(Records from a collection)
======
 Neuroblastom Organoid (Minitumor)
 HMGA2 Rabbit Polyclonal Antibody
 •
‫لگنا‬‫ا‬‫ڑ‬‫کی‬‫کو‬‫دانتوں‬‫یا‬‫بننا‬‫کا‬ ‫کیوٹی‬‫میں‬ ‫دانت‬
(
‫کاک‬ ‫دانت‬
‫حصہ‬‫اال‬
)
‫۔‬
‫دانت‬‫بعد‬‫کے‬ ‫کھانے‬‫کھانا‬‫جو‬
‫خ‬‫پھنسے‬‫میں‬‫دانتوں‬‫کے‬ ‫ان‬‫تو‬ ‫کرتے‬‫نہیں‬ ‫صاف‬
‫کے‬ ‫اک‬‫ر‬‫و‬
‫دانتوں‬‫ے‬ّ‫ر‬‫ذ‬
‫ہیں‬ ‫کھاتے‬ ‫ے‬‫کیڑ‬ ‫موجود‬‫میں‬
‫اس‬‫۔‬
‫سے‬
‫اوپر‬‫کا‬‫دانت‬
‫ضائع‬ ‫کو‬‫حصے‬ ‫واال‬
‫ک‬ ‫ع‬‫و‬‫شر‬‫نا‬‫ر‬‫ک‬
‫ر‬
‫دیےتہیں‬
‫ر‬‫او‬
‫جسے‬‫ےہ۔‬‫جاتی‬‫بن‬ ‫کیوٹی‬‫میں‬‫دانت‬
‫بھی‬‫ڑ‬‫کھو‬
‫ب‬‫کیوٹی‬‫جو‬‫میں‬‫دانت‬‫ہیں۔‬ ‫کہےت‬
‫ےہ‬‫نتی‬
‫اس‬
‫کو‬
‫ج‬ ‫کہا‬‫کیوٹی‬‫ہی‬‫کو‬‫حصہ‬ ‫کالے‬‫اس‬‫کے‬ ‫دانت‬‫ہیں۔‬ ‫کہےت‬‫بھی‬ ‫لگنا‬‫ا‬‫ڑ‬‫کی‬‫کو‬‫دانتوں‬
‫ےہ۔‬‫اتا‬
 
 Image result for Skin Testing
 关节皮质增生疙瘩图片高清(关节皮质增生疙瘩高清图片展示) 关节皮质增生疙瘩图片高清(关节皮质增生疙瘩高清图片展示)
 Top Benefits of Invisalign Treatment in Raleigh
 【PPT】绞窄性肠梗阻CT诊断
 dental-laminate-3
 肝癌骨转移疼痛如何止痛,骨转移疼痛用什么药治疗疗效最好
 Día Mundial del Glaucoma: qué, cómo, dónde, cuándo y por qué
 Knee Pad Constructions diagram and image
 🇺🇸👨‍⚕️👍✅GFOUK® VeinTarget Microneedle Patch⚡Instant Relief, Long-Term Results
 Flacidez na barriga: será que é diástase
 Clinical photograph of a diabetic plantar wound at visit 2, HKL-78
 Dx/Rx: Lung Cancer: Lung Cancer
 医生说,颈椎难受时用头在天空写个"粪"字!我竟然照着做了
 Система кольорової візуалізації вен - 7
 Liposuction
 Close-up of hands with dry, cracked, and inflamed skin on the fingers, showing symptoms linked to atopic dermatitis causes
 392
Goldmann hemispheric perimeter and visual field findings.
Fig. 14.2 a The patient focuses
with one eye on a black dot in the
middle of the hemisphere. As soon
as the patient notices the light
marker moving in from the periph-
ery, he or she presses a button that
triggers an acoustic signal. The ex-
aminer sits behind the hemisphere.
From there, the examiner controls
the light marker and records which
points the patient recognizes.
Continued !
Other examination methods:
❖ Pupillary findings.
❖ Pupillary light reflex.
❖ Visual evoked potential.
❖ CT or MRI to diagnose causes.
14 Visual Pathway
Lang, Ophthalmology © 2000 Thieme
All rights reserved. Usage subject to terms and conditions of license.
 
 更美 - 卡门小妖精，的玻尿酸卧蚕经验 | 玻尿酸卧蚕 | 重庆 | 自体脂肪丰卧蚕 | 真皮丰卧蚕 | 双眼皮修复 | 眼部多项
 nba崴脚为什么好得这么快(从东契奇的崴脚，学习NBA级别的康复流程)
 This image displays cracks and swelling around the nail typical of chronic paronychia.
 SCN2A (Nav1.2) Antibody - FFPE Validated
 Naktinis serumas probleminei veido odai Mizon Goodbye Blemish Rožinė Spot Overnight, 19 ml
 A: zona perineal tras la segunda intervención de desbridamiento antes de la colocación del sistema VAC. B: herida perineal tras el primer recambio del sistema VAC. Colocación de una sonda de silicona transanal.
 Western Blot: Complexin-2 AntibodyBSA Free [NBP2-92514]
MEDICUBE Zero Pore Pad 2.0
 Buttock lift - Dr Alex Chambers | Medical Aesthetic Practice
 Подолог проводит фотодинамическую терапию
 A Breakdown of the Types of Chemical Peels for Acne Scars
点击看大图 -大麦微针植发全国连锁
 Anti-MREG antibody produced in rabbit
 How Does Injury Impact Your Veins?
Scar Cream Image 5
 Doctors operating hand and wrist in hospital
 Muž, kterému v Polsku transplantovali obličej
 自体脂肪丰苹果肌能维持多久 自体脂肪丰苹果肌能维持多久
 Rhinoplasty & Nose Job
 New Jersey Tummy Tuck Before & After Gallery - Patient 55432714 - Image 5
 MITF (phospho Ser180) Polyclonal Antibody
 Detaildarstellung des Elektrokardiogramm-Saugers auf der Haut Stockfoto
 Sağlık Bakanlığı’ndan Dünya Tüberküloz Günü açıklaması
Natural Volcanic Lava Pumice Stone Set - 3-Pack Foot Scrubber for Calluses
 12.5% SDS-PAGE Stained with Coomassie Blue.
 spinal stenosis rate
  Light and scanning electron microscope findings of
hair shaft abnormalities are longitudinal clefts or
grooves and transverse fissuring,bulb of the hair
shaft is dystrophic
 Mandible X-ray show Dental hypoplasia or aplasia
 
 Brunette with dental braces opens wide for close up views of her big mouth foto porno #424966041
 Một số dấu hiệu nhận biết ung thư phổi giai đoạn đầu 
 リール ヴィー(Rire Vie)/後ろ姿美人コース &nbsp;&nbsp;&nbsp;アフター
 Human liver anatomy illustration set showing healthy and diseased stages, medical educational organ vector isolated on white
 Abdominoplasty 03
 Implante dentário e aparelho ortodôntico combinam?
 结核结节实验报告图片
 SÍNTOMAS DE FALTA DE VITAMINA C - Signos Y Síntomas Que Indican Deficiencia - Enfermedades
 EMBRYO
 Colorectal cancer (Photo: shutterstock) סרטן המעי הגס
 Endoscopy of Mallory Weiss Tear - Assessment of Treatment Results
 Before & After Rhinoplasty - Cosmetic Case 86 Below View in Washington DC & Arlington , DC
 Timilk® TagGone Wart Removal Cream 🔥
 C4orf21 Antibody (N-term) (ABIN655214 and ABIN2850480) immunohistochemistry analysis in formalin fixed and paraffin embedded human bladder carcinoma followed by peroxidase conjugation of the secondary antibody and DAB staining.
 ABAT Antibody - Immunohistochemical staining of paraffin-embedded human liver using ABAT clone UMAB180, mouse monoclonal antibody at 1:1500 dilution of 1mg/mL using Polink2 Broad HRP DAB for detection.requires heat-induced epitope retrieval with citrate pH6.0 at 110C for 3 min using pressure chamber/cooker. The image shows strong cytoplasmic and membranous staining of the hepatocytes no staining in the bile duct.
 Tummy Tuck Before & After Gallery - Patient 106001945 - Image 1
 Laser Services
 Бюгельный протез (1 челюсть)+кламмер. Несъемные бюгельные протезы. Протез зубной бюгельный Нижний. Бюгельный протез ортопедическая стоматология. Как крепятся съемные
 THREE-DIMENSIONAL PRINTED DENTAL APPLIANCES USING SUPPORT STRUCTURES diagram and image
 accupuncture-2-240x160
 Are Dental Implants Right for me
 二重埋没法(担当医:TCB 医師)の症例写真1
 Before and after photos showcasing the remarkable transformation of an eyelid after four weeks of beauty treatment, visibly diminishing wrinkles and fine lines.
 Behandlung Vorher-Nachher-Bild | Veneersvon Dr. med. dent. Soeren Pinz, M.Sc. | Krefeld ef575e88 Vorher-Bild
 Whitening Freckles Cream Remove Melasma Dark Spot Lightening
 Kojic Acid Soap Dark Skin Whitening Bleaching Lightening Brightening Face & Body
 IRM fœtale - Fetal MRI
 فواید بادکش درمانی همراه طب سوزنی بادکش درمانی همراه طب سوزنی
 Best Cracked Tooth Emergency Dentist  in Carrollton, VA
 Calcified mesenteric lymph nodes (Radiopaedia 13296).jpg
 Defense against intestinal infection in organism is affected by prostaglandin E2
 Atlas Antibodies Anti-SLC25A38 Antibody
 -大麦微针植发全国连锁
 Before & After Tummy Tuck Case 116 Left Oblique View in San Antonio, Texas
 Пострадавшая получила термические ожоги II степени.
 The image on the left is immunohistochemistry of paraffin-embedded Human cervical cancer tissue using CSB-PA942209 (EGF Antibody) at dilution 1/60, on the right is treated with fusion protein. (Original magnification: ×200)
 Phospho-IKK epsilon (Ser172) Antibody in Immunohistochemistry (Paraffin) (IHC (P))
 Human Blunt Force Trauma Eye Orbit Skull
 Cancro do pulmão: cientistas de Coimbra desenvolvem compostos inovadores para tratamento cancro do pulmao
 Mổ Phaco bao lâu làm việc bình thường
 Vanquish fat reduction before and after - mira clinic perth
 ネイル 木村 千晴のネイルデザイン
======
# [TASK DIRECTIONS]
Check each line of the entries for the string "Pupillary". Copy the lines that have it.

# [SOLVED PROBLEM]
❖ Pupillary findings.
❖ Pupillary light reflex.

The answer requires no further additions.